Carlow Launches Satellite of Carnegie Mellon’s CREATE Lab

Byron SpiceThursday, March 27, 2014

Carlow University has received a $205,000 grant commitment from the Claude Worthington Benedum Foundation to establish a satellite on its campus of Carnegie Mellon University’s CREATE Lab. 

The satellite will join three previously established CREATE Lab satellites at Marshall University, West Virginia University and West Liberty University in West Virginia.

This latest satellite is being established collaboratively with Carlow’s School of Education and The Campus School of Carlow University, and will focus on interdisciplinary practices in education and high performance learning.  The Campus School will implement two CREATE Lab projects, Arts & Bots and GigaPan.  The School of Education will serve as the lead for another CREATE Lab project, The Children’s Innovation Project (CIP), and will be implementing it at Pittsburgh Allegheny K-5.

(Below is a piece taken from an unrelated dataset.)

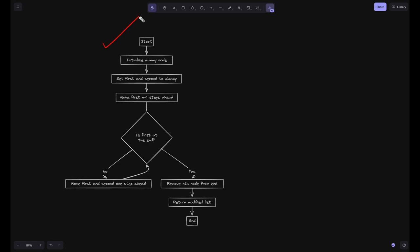The flowchart for this approach: start, initialize a dummy node, set first and second both to dummy. Move first n+1 steps ahead. Then check if first is at the end — if not, move both first and second one step ahead. If first is at the end, remove the nth node from the end and return the modified list.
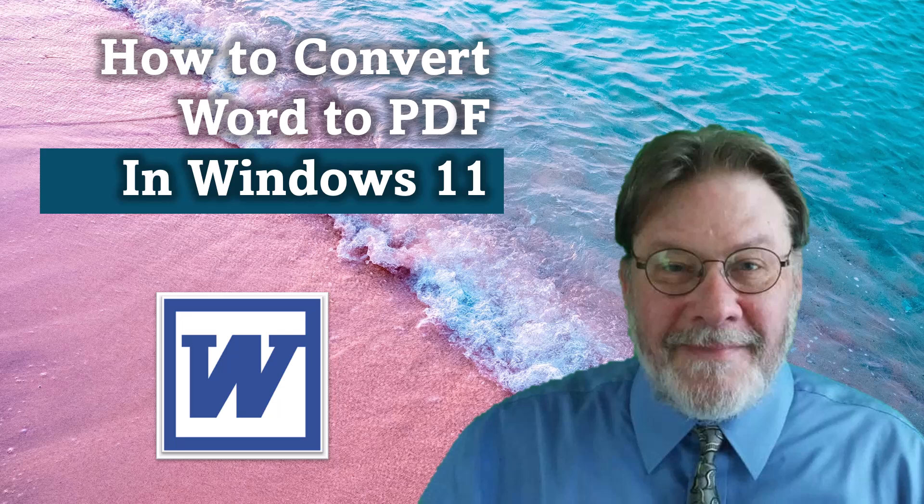In this video, I'm going to show you how to convert a Word document into a PDF document in Windows 11.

“The CREATE Lab Satellite model is a great approach to innovation in learning,” said James Denova, vice president of the Claude Worthington Benedum Foundation.  “We have learned in West Virginia that combining CMU’s robotics and computer science talent with progressive centers of professional development leads to measurable advances in the classroom.”

The CREATE (Community Robotics, Education and Technology Empowerment) Lab is part of Carnegie Mellon’s Robotics Institute and is directed by Illah Nourbakhsh, professor of robotics. Collaboration and sustained involvement with the community are significant components of the mission of the CREATE Lab, which is both a technology breeding ground and a community partner. 

 “The CREATE Lab is pleased to partner with Carlow to help future teachers prepare their students to become technologically fluent,” said Dror Yaron, the lab’s outreach director. “The next generation of students should look at technology as a raw material – something that can be used to achieve community and/or personal goals. We envision the four schools of education – three in West Virginia and Carlow – in partnership with CREATE Lab and ASSET STEM Education, to work together as a network to develop, validate, and share best practices. That has already begun to happen.” 

“We believe having a CREATE Lab satellite at the Campus School will benefit the Campus School students and faculty, and also Carlow’s School of Education faculty and students,” said Suzanne Mellon, president of Carlow University.  “We thank the Benedum Foundation for recognizing the potential in this unique opportunity for both students and faculty to learn and excel.”